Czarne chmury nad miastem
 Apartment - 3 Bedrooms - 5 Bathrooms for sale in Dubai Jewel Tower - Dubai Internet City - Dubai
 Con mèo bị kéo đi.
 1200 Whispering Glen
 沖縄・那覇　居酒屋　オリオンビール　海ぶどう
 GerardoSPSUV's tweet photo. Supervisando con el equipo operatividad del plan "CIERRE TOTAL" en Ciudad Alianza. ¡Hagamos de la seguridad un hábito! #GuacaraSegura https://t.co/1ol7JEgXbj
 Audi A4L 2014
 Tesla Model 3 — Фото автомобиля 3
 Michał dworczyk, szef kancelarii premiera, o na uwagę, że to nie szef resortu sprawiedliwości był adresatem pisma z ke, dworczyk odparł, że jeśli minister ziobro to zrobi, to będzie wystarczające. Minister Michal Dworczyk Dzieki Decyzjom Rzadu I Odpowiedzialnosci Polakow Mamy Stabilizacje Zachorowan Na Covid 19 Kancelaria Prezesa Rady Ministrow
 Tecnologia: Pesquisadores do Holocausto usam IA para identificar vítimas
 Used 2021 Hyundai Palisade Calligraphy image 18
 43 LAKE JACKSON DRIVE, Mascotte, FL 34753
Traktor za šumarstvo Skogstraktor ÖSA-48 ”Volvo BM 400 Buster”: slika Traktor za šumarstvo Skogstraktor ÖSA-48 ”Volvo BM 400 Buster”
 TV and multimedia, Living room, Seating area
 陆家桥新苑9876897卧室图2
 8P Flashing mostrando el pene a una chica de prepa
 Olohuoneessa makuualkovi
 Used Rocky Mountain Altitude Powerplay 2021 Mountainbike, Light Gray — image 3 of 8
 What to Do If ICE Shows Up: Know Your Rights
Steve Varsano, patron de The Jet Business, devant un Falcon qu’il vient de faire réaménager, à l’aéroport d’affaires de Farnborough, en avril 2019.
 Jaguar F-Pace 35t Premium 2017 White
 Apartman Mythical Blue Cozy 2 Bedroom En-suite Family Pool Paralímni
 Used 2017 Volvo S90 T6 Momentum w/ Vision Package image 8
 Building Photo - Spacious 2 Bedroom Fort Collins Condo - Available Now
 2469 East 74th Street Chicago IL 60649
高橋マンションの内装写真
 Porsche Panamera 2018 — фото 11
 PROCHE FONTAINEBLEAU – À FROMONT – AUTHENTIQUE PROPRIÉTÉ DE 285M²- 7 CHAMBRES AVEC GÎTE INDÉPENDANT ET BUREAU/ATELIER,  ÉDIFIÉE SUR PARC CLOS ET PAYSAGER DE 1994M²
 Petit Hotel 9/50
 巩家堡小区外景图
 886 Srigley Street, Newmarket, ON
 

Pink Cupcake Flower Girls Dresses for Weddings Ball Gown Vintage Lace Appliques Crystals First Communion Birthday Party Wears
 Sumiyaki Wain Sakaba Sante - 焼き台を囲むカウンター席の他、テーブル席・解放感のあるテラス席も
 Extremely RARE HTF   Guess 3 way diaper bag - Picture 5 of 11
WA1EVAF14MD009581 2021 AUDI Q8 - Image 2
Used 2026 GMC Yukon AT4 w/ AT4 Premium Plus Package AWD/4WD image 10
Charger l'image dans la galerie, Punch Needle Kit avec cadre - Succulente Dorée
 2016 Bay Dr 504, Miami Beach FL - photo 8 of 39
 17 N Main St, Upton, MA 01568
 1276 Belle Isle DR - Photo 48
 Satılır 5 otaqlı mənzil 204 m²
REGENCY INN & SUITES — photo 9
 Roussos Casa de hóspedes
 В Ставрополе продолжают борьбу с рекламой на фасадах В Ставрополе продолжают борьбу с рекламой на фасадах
-------
Your answer should consist of each line above in which "Package" appears.

 Used 2017 Volvo S90 T6 Momentum w/ Vision Package image 8
Used 2026 GMC Yukon AT4 w/ AT4 Premium Plus Package AWD/4WD image 10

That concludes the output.